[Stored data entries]

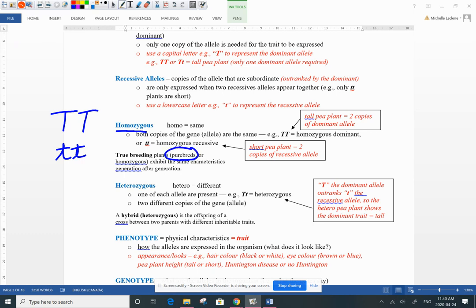Strictly speaking genetically, purebred means homozygous — these plants are true breeding. If I only bred together big T big T with big T big T, I would always get a purebred big T big T tall plant.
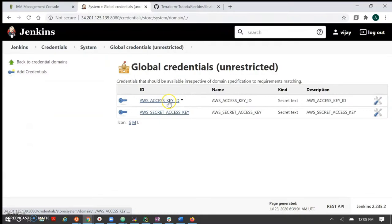Let's go to Jenkins and run the project. Let me create our job and see whether it succeeds or fails. I created the build job here. This will do a declarative checkout, taking the code from GitHub. We can see our first job has failed.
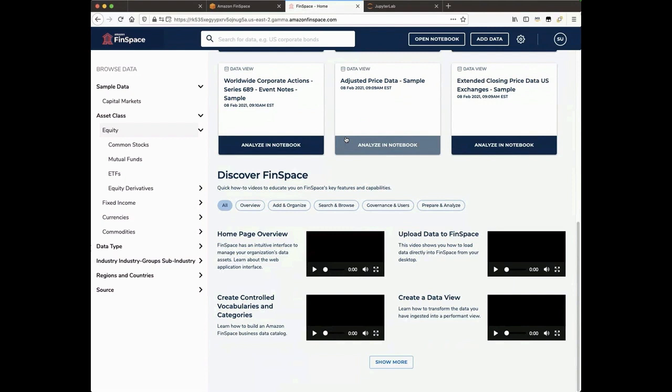That does it for this overview of the Homepage. Look for other videos for more details about the features I mentioned. Thank you.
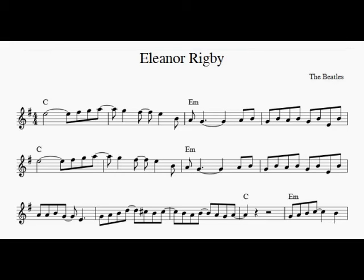I look at all the lonely people. I look at all the lonely people.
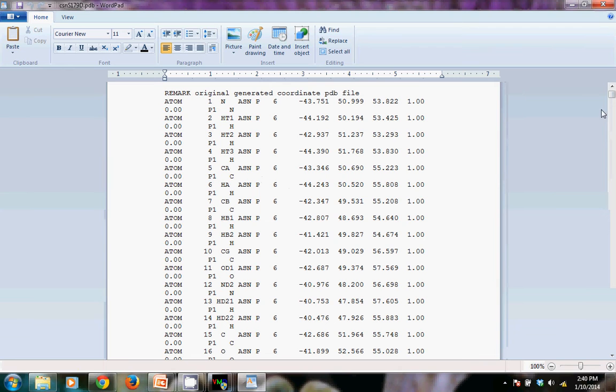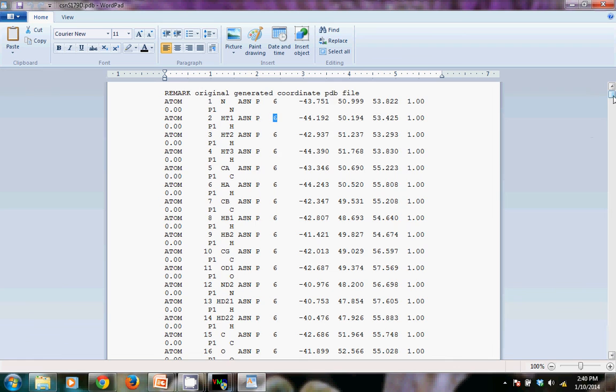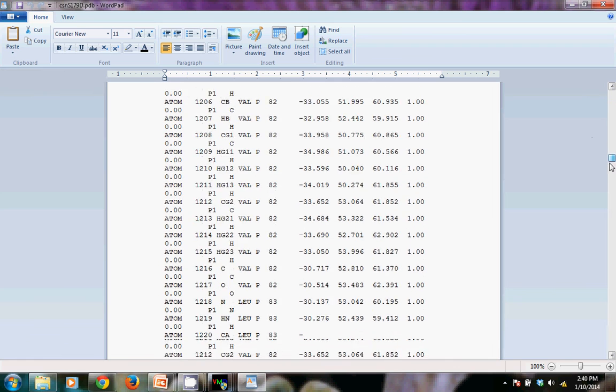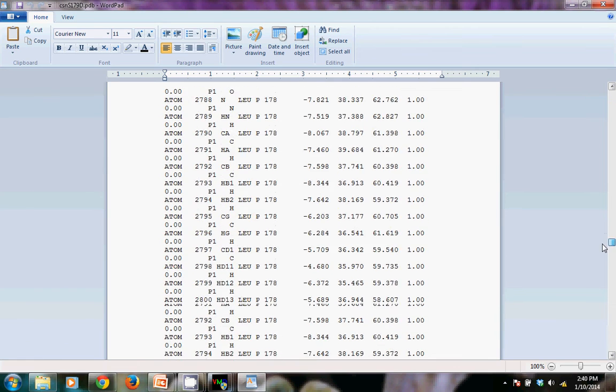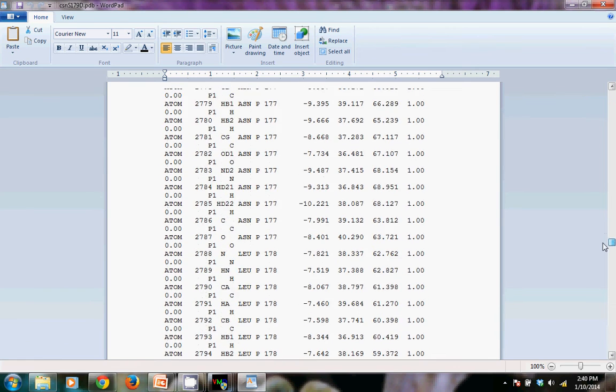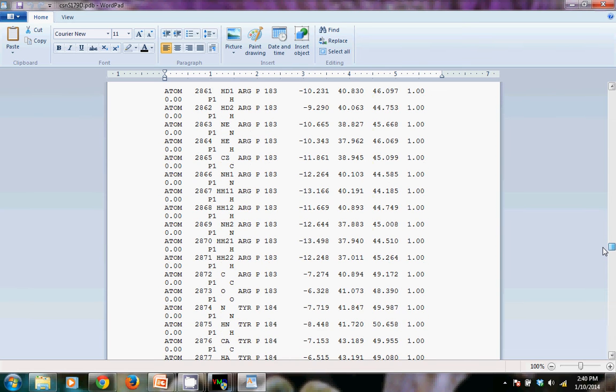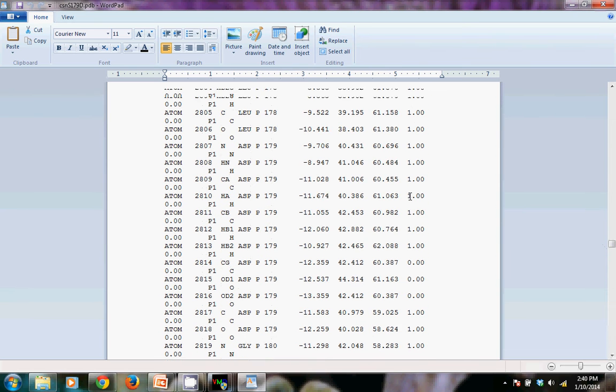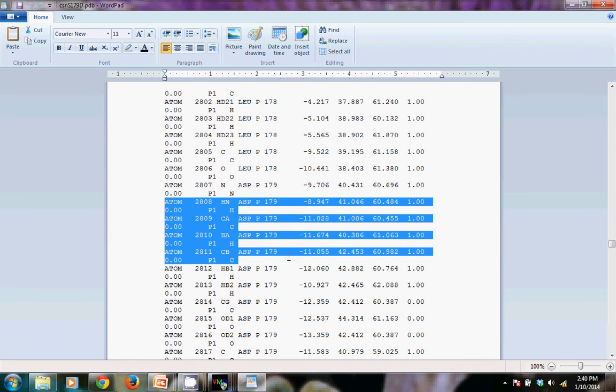And what I want to do, we start with amino acid 6 here, residue 6. I'm going to scroll down to 179. And I see here that it's been mutated to aspartic acid.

**Task description**
Excluding the pictures, restate the records above word for word.

**Task result**
Strictly speaking genetically, purebred means homozygous — these plants are true breeding. If I only bred together big T big T with big T big T, I would always get a purebred big T big T tall plant.
Let's go to Jenkins and run the project. Let me create our job and see whether it succeeds or fails. I created the build job here. This will do a declarative checkout, taking the code from GitHub. We can see our first job has failed.
That does it for this overview of the Homepage. Look for other videos for more details about the features I mentioned. Thank you.
I look at all the lonely people. I look at all the lonely people.
And what I want to do, we start with amino acid 6 here, residue 6. I'm going to scroll down to 179. And I see here that it's been mutated to aspartic acid.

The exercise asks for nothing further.